Executive Summary
The Trump administration’s Middle East policy in its second term has shifted from a purely energy- and security-oriented framework toward one anchored in AI infrastructure and hyperscale data centers.
- At its core, Washington is leveraging massive Gulf investments in AI compute (Saudi Arabia, UAE) to reinforce alliances, counter China, and bind energy flows to the digital economy .
- Flagship projects include the 5-gigawatt AI campus in Abu Dhabi (G42-led, with U.S. hyperscaler partners) and Saudi Arabia’s Humain initiative building multiple 100MW data centers stocked with NVIDIA and AMD chips .
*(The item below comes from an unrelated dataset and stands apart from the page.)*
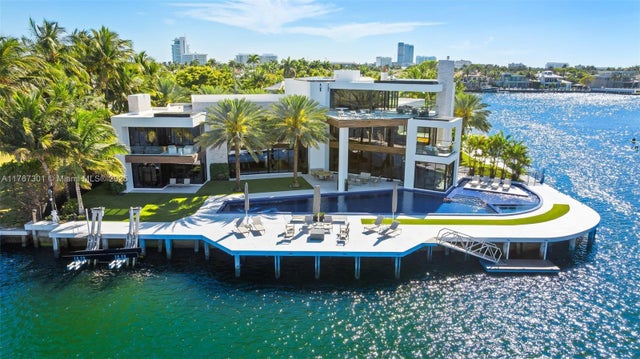 1 of 55 - 84 Isla Bahia Dr, Fort Lauderdale, FL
- Policy adjustments—such as loosening export restrictions on GPUs and decoupling Saudi civil nuclear cooperation from Israel normalization—demonstrate a more transactional, “deal-first” approach .
1. Current Developments
- UAE (Abu Dhabi – G42): Announcement of a 10-square-mile AI campus, scaling to 5GW of compute power. U.S. hyperscalers are expected to operate the facilities, while G42 manages construction. Reports suggest annual imports of up to 500,000 top-tier NVIDIA GPUs .
- Saudi Arabia (Humain): Launch of a national AI infrastructure company. Initial campuses in Riyadh and Dammam (each up to 100MW), powered by NVIDIA Blackwell and AMD accelerators, with 18,000 units already allocated .
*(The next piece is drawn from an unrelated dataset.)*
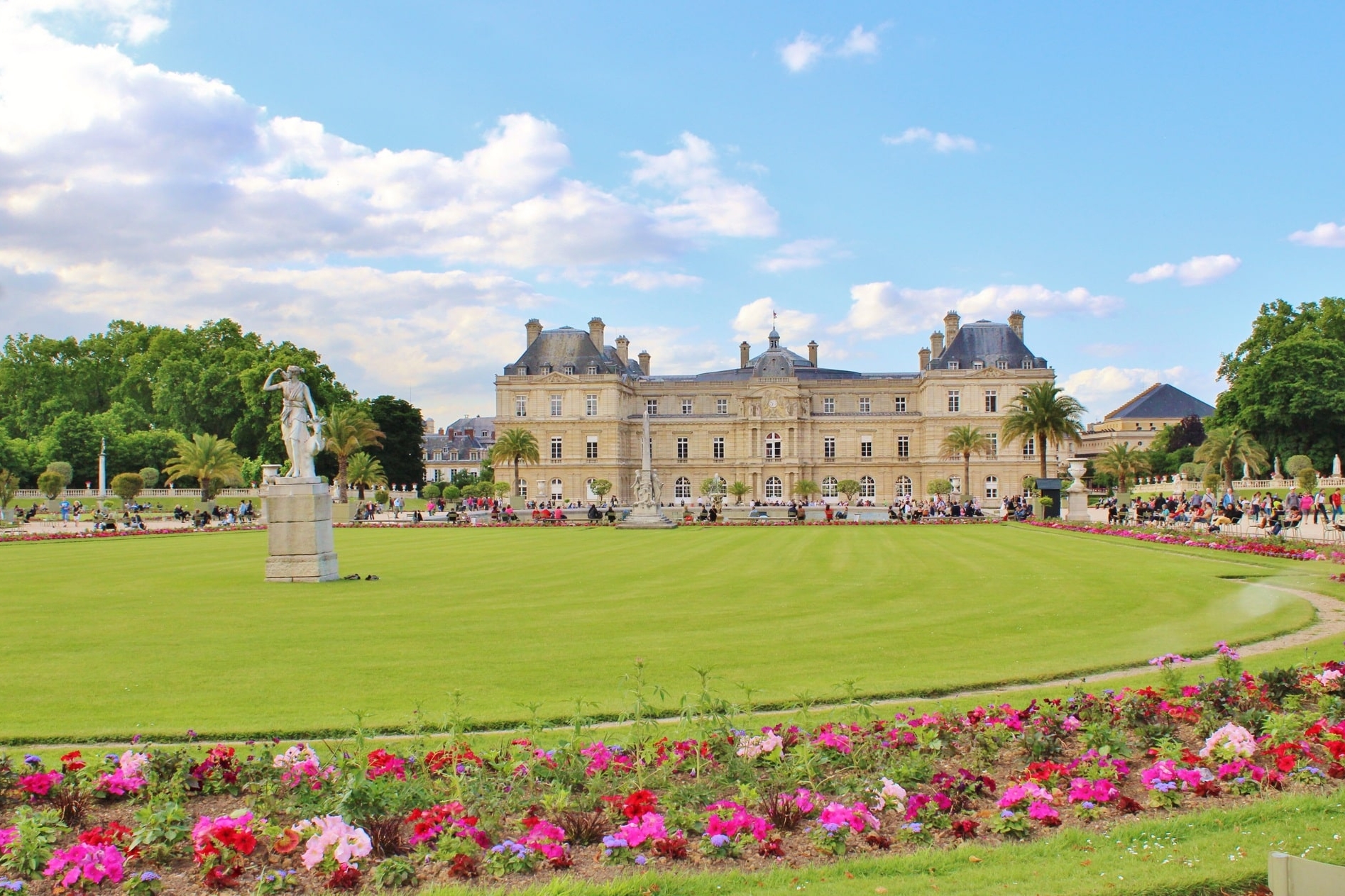 Prunkvolles Schloss mit weitläufigem Garten und Statuen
- U.S.–Saudi Economic Framework: The White House announced a $600B investment package, including $20B from DataVolt into U.S. AI and energy infrastructure .
- Regulatory Shift: Trump rescinded earlier AI diffusion export rules, easing GPU supply to the Gulf, though conditioned on U.S. monitoring and compliance mechanisms .
- Nuclear/Energy Diplomacy: The administration is advancing Saudi civilian nuclear cooperation independently of Israeli normalization, breaking with past linkage strategies .
2. Strategic Logic
A. Objectives
- Counter China in Tech: Position Gulf AI campuses as hubs for U.S. chip and cloud ecosystems, setting de facto standards .
- Alliance Binding: Package defense, nuclear cooperation, and digital infrastructure to deepen economic and security interdependence .
- Energy–AI Nexus: Link the Gulf’s cheap energy and transmission assets to AI’s soaring electricity demand .
B. Means
- Mega-projects (UAE 5GW, Saudi 100MW-class DCs) as tangible anchors.
- Export regime redesign, enabling GPU supply under U.S. oversight .
- Capital bundling, channeling Saudi outbound investment into U.S. infrastructure and job creation .
C. Expected Outcomes
- Short-term: Gulf states emerge as “third-pole compute hubs,” stocked with U.S. GPUs and cloud services.
- Medium-term: Secondary industries in cooling, grid storage, and semiconductors scale around these hubs.
- Long-term: Tech-energy-security trilateral order stabilizes, potentially expanding Abraham Accords participation .
3. Risk Factors
- Deal Finalization Gaps: UAE’s 5GW campus is announced but not fully secured; U.S. agencies scrutinize China’s lingering tech links .
- Supply Constraints: Physical limits on GPU production, electricity, and water for cooling threaten scalability .
- Regulatory Backlash: U.S. Congress or security agencies may re-tighten export reviews, slowing project execution .
4. Scenario Outlook
- Best Case: First gigawatt of UAE campus online, Saudi Humain operational by 2026, cementing a U.S.–Gulf compute corridor.
- Base Case: Projects proceed gradually with enhanced audit clauses; execution slower but steady.
- Worst Case: Export or security reviews stall GPU flows; power and cooling constraints shrink ambitions, pushing Gulf states toward Chinese or European alternatives.
5. Strategic Implications
- “Geopolitics of Compute” emerges as central: chips, cloud, and compliance define alliances more than oil alone.
- Gulf States pivot from energy exporters to AI states, using their capital and electricity as leverage.
- Execution risk lies in finalizing contracts and building reliable infrastructure. Governance and monitoring will determine whether these megadeals truly anchor U.S. strategy.